# NML 2-2 redfish



## phishphood (Dec 15, 2006)

Got an invite from Tony to fish some of his pet schools this AM, so after a 21 hour work day(and night), met him at 0 dark thirty in search of some schoolers. As we zipped through the islands in the early light, we could see several fish push up and away as we cruised by. Good sign. When we rounded the point of one small island, we saw what we were looking for. It looked like a pod of 10-12 fish pushing up some good wakes along the shoreline in a small bay.
We powered down and let things settle a bit before pushing in on them. Well, push them is about all we did. Several casts to this school and a couple solo cruisier and tailers produced zippo, but hey, the fish were here and the sun wasn't even up yet.
We poled around for the next couple hours that produced mostly profanity as shots at small groups of fish came and went. I finally broke the skunk with a 12"(being generous) rat on a mirrodyne. Then we hit the mother lode of profanity as we entarded a trough between 2 islands. The water looking aboil with reds flying all around the boat. Tony even used the word edification in a sentence. That's how bad it got. We threw a combination of arti's and mullet at them to only have the fish bump and and chase them, but not eat. What the heck? 
After zeroiing on this group, I pushed us back through the bay we started the morning in and we had shots at a couple singles and a nice trout. Foiled again. As we round the point headed back toward the trough, I tell Tony that I'm going to put him on a big school and we start talking about the magic water temp for the fish to start eating. "Is it 70?", he asks. Hell, I don't know. Sounds good to me though. Why don't we fire up the Eagle fish finder and see?
I'm on the tower, he's dinking with the fish finder, so you know what's coming next. He says the water temp is 66deg and I say Holy Smokes batman, there they are. An army of easily 50-60 reds was swimming right at us. As they do an about-face, Tony fires DOA missile over their backs and hooks up immediatly. I try to double up, but it wasn't to be. Sleep or no sleep, that will make you weak in the knees. Fish turned out to be 27" on the dot until we pinched the tail. 1/2" to 3/4" over and about 8lbs. Two quick pics and short revival and she was on her way.

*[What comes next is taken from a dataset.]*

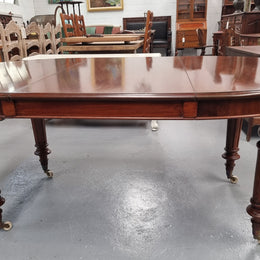Amazing Victorian round Mahogany extension table. It comes with one extension leaf which can be added to the center of table when required. Sourced Locally and in good original detailed condition.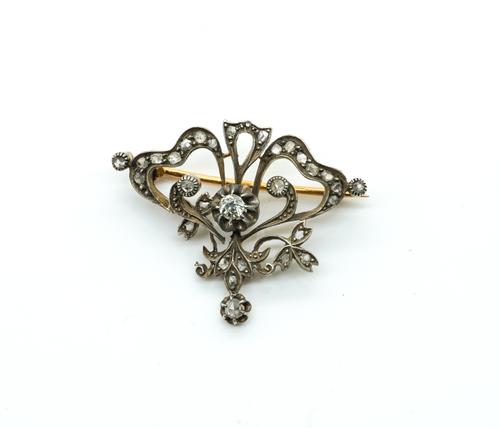 A DIAMOND BROOCH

I don't want to talk about the rest, but a combination of poor casting and bad timing on my part kept me from hooking up with any of the others. Oh well, still had a ball. Thanks for the invite Tony. We'll 2 boat them next time.


----------



## tom_in_orl (Dec 9, 2006)

Nice report and pics! That why we keep going back.


----------



## tojo (Dec 12, 2006)

I only used the word "edification" heck, u knew how to spell it  It was still a great day on the water. If we didn't see over a hundred fish we didn't see one. I think if we had of stayed out longer the bite would have turned on...

The second pic says it all...Mountain Dew to stay awake...scissors laying about cause I forgot a knife WTF??? Just one of those days.

I'm gonna watch the fight tonight and if it turns out that Im not as think as I drunk I am, I might try em again in the morning.


----------



## JRH (Mar 18, 2007)

Nice job guys.


----------



## deerfly (Mar 10, 2007)

yall need to edify yer measurin technique. Probably had ya a keeper right there. Besides you know how they shrink by the time you get back to the dock. Hell, most of the fish I catch shrink a bunch a millisecond or two before the camera goes off. :-/ 

Thats a funny a review though, I got a good laugh. Never been a size limit on profanity far as I can recall, good thing too.  - eric


----------



## Ron_W. (Dec 14, 2006)

Nice way to end the work day. ;D


----------